If $$M=\begin{pmatrix} a & b \\ b & c \end{pmatrix}.$$

Then $\lambda+ \lambda ' = a+c$ and $\lambda \lambda ' = ac-b^2$ and $$-2a+3b =10$$ $$-2b+3c =-15$$

Let $b=6t$ and $\lambda ' = -5$ then $$a= 9t-5$$ $$c= 4t-5$$

so we have $\lambda = 13t-5$. Now we see that your matrix is not uniqely determined: $$M=\begin{pmatrix} 9t-5 & 6t \\ 6t & 4t-5 \end{pmatrix}.$$

Answer 3

Your solution and reasoning are correct. Every $2\times2$ symmetric matrix has a pair of orthogonal eigenvectors. Thus, having one of the two eigenvectors specifies the other, as in two dimensions there are only two orthogonal directions.

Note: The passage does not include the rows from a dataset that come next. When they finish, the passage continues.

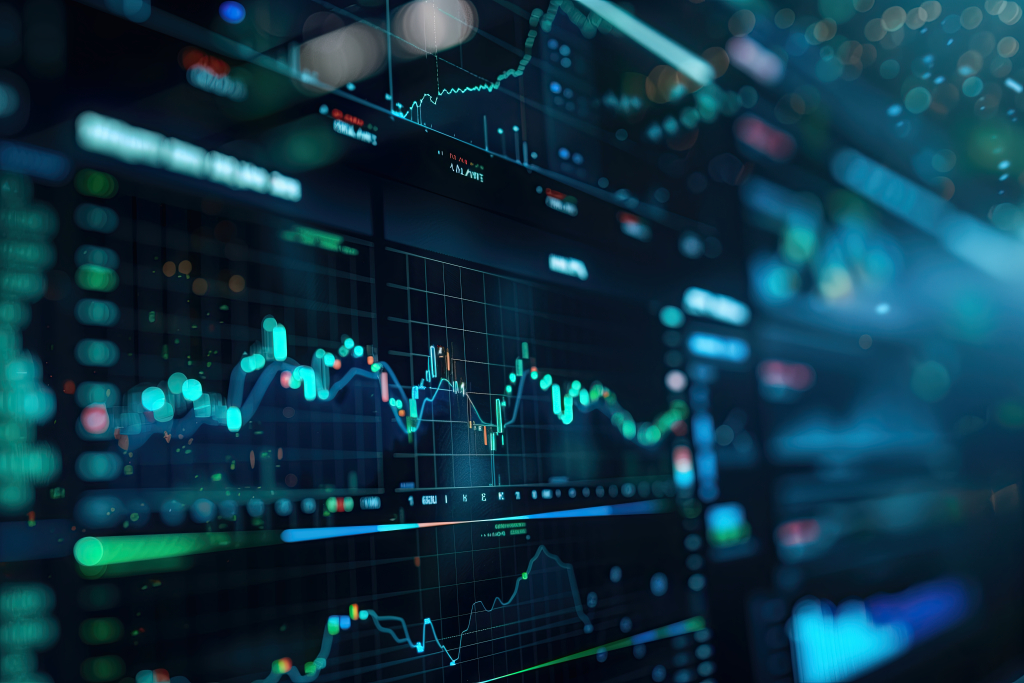 Abstract image of a cryptocurrency exchange platform in action Economy trends background for business idea and all art work design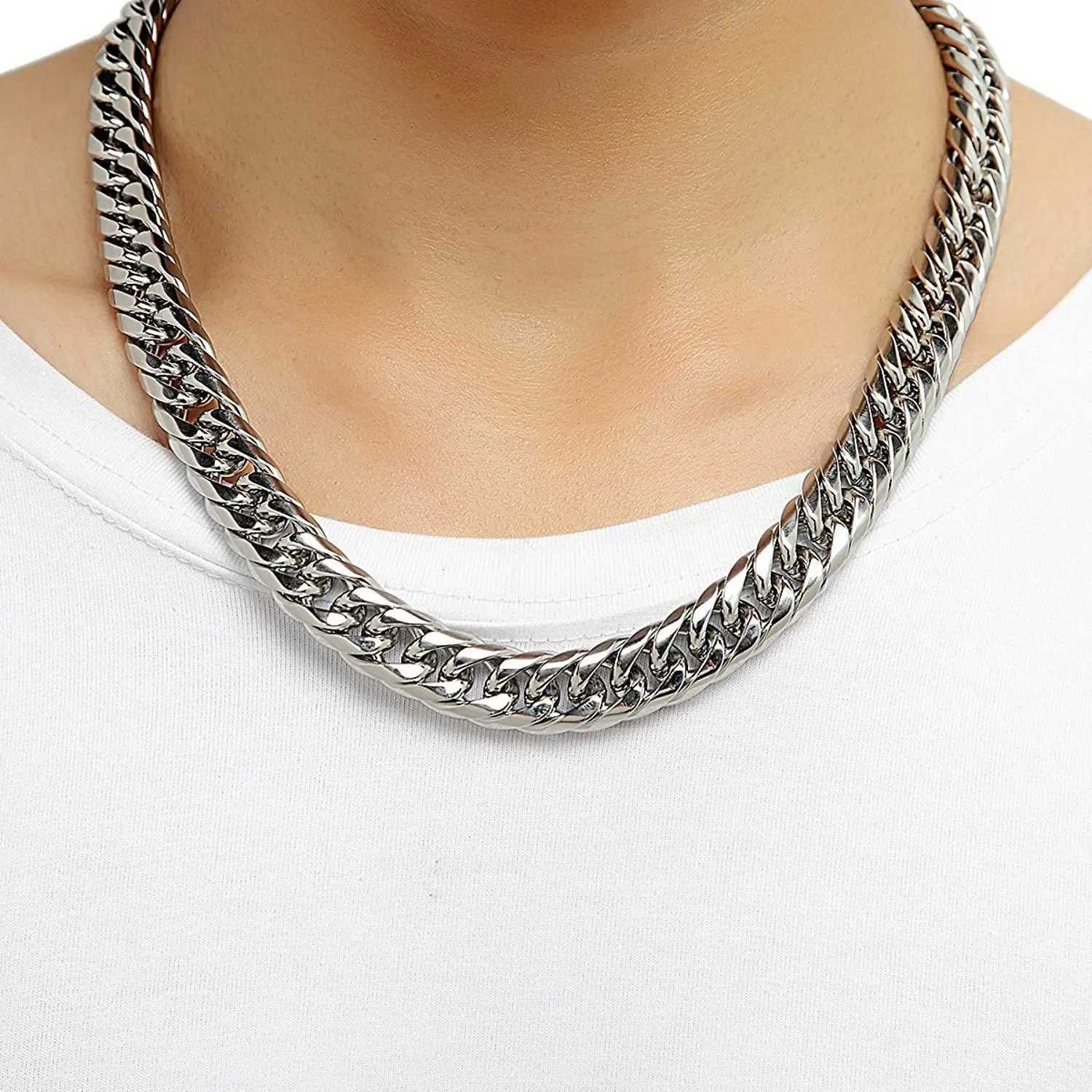 HNSP Stainss Steel Cuban Link Chain Necklace For Men Jewelry 8MM-14MM Width Ma Neck Accories W250712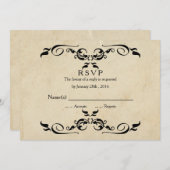 Trojka Elegante Trouw-RSVP Kaart (Voorkant / Achterkant)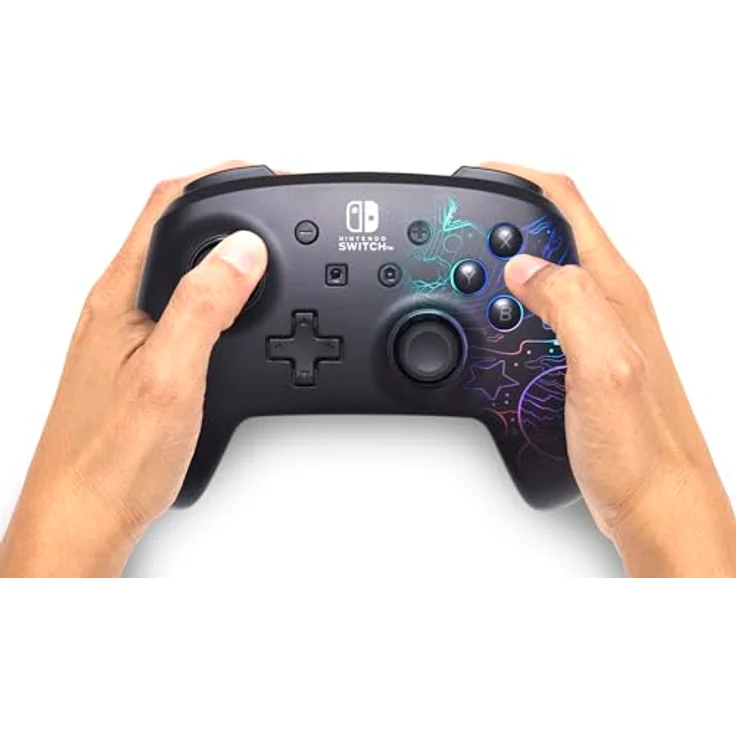 PowerA Verbesserter Kabelloser Controller für Nintendo Switch - RGB Galactic Vortex, Ghost LED-Beleuchtung, Wiederaufladbar, Offiziell Lizenziert – Bild 4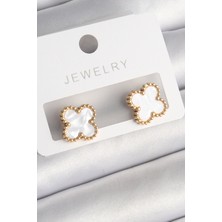 Nuvigo 316L Çelik Gold Renk Beyaz Minelik Yonca Model Kadın Küpe - TJ-BKP10197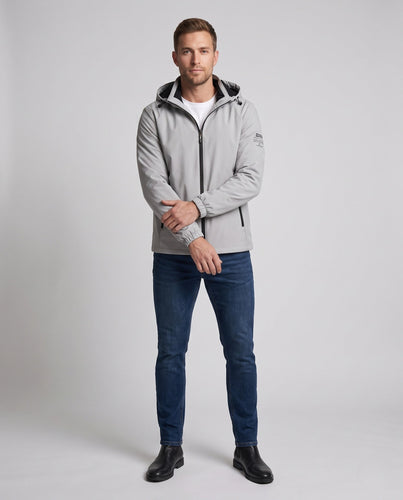 Herren Kapuzen-Funktionsjacke mit wärmender Fleece-Innenlage und wasserabweisender Shell Drune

If you want to see this algebraically, it follows from \begin{multline} \left[\begin{matrix} a & b \\ b & c\end{matrix}\right]\left[\begin{matrix} x \\ y\end{matrix}\right] = \lambda_1 \left[\begin{matrix} x \\ y\end{matrix}\right]\Longrightarrow\begin{matrix}a x + b y = \lambda_1 x \\ b x + c y = \lambda_1 y\end{matrix}\Longrightarrow\begin{matrix} (c-\lambda_1)y + b x =0 \\ -b y +(\lambda_1 - a)x = 0\end{matrix} \\ \Longrightarrow\begin{matrix} -(a - a - c + \lambda_1)y + b x =0 \\ -b y +(c - c + \lambda_1 - a)x = 0\end{matrix}\Longrightarrow\begin{matrix} -ay + b x = -(a+c-\lambda_1)y \\ -b y +c x = (a + c -\lambda_1) x \end{matrix}\\\Longrightarrow\left[\begin{matrix} a & b \\ b & c\end{matrix}\right]\left[\begin{matrix} -y \\ x\end{matrix}\right]=(a + c - \lambda_1) \left[\begin{matrix} -y \\ x\end{matrix}\right]. \end{multline}